WHAT IS EXPECTED: Every line from the one with "Gradient: 10−40% B in 4 minutes 3. met-Enk" to the end of the listing, and nothing else, is to be printed exactly; please leave the pictures out.

DATA TO PROCESS:
---------------

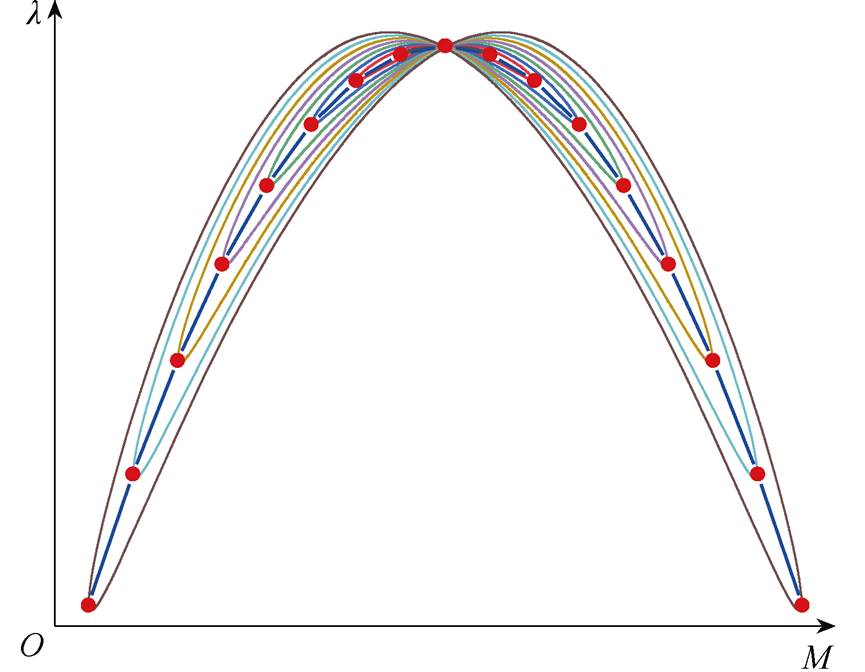 width=188.6,height=146.7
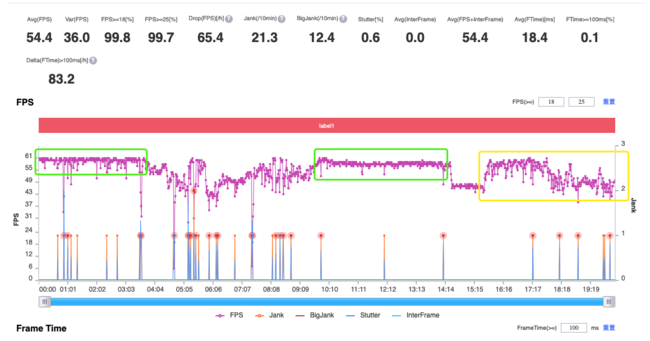 OPPO Reno6 Pro+��Ϸ������� OPPO Reno6 Pro+��Ϸ��������_�ֻ�����_�ֻ�ѧԺ_��վ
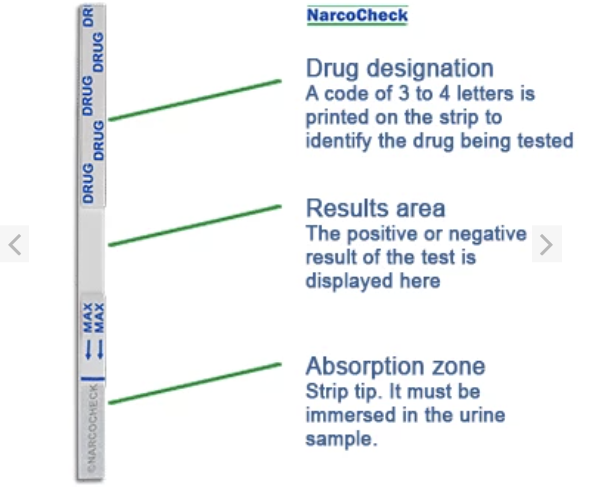 THC Drug Test (Cannabinoids, Marijuana)=5unit.
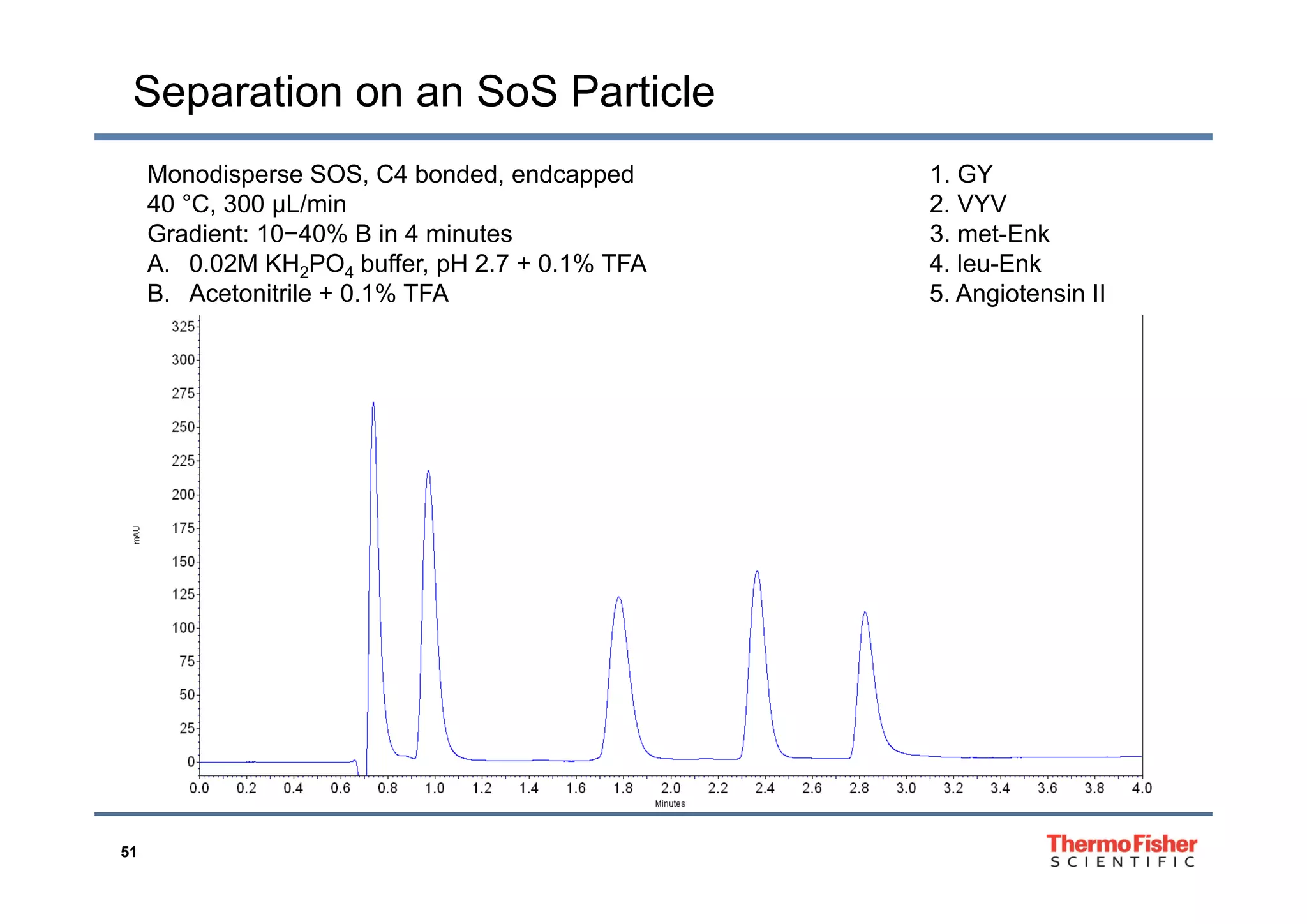 Separation on an SoS Particle
Monodisperse SOS, C4 bonded, endcapped 1. GY
40 °C, 300 μL/min 2. VYV
Gradient: 10−40% B in 4 minutes 3. met-Enk
A. 0.02M KH2PO4 buffer, pH 2.7 + 0.1% TFA 4. leu-Enk
B. Acetonitrile + 0.1% TFA 5. Angiotensin II
51
 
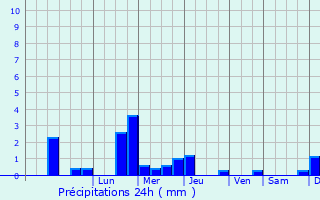 Graphique des précipitations prvues pour Frvent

---------------

YOUR SOLUTION:
Gradient: 10−40% B in 4 minutes 3. met-Enk
A. 0.02M KH2PO4 buffer, pH 2.7 + 0.1% TFA 4. leu-Enk
B. Acetonitrile + 0.1% TFA 5. Angiotensin II
51
 
 Graphique des précipitations prvues pour Frvent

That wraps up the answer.